# EXERCISE GOAL:
The output must be exactly the lines from the "109 Roebuck Road, Georgetown, FL 32139" line through the end of the listing below, with no picture included.

(DATA PROVIDED begins)

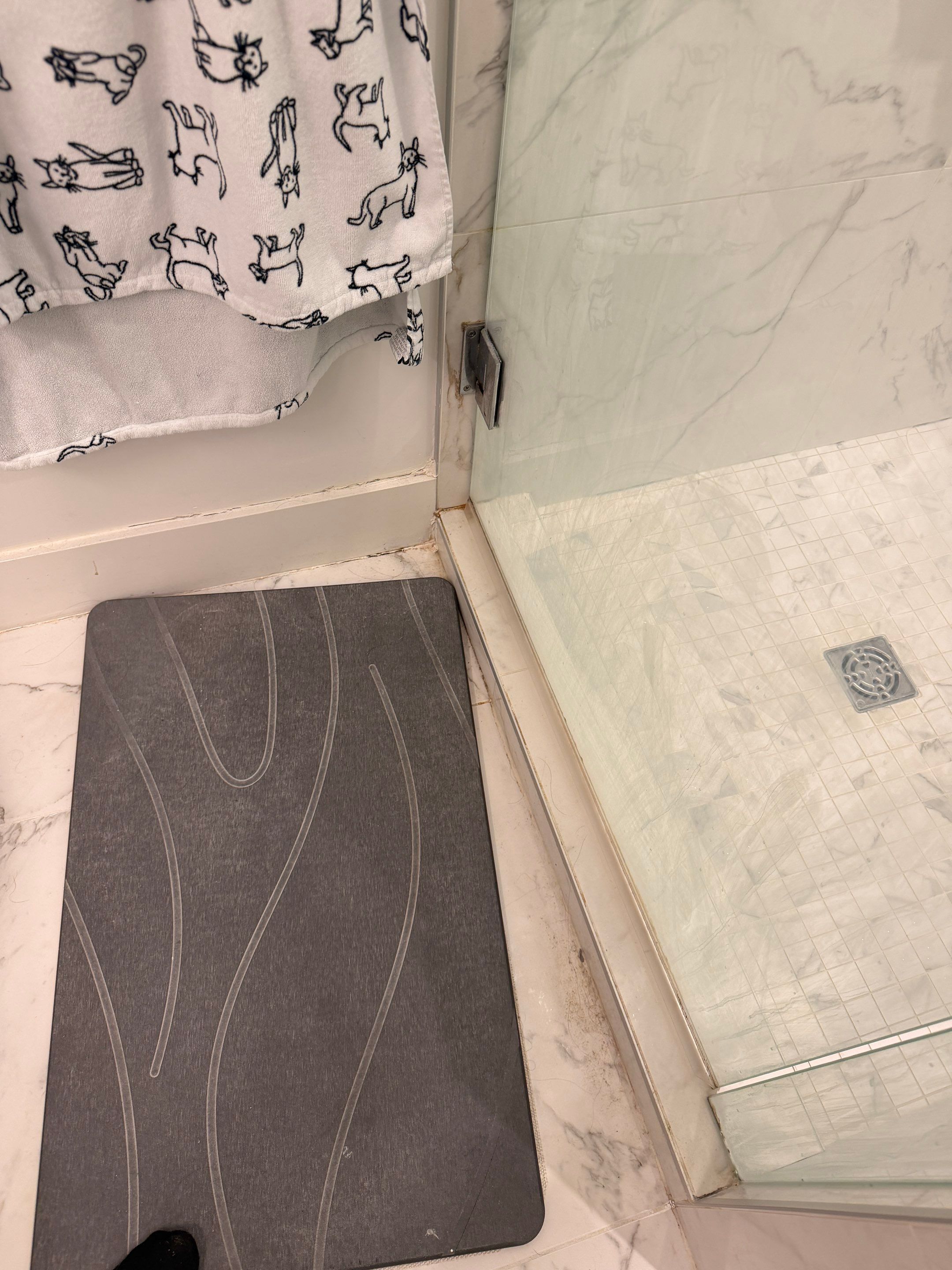 Bathroom Refresh & Mold Remediation in Tub and Shower Area by YVR Construction Group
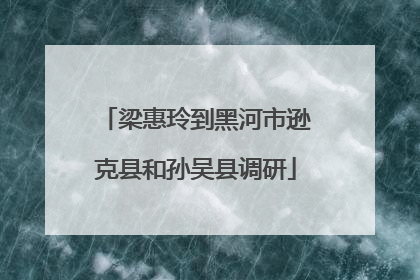 梁惠玲到黑河市逊克县和孙吴县调研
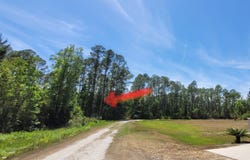 109 Roebuck Road, Georgetown, FL 32139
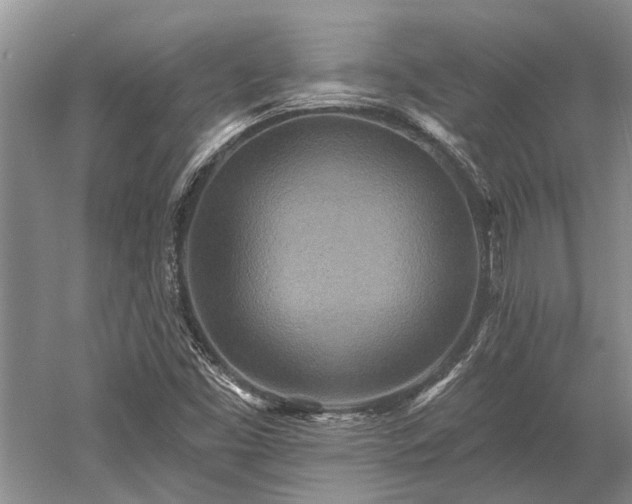 X0000052981453200507151815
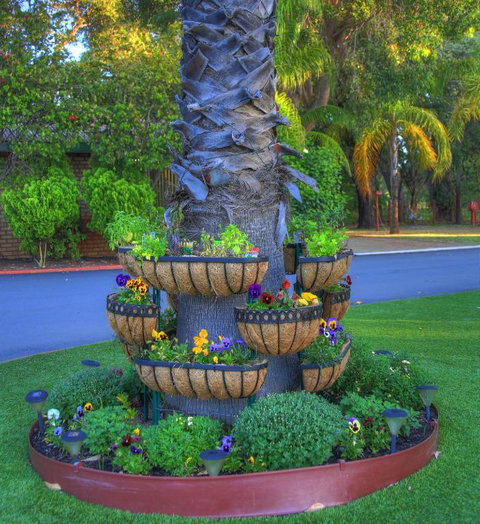 Mandurah Caravan & Tourist Park - Yamba Accommodation 4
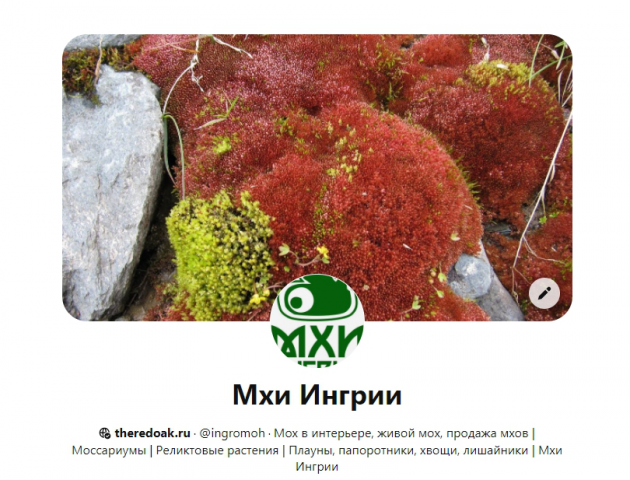 Пинтерест Бизнес-аккаунт проекта "Мхи Ингрии"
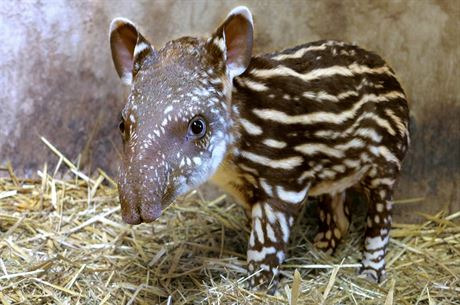 Mlád tapíra v jihlavské zoologické zahrad.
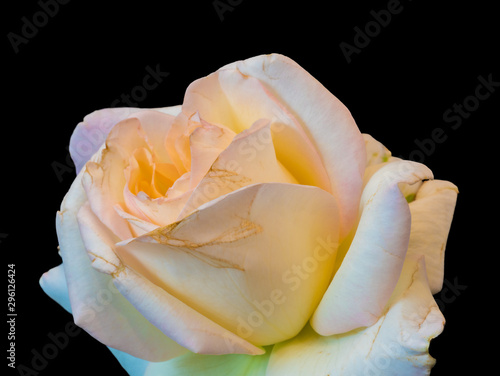 yellow orange white green rose blossom macro, portraitblack background,vintage painting style photo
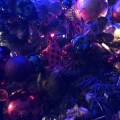 IMG_5035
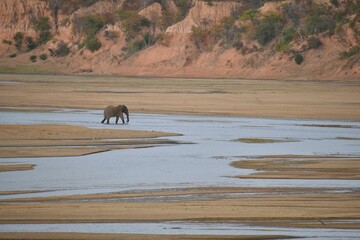 Lone elephant on the beach during low tide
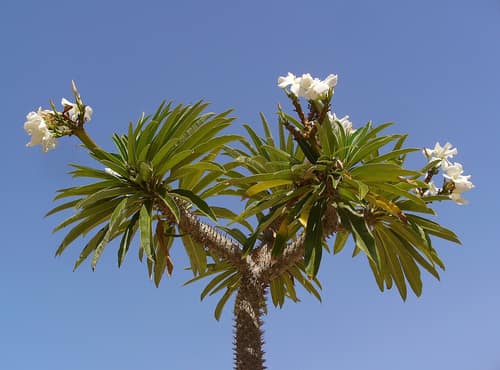 Madagascar Palm reference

(DATA PROVIDED ends)

# YOUR SOLUTION:
 109 Roebuck Road, Georgetown, FL 32139
 X0000052981453200507151815
 Mandurah Caravan & Tourist Park - Yamba Accommodation 4
 Пинтерест Бизнес-аккаунт проекта "Мхи Ингрии"
 Mlád tapíra v jihlavské zoologické zahrad.
 yellow orange white green rose blossom macro, portraitblack background,vintage painting style photo
 IMG_5035
 Lone elephant on the beach during low tide
 Madagascar Palm reference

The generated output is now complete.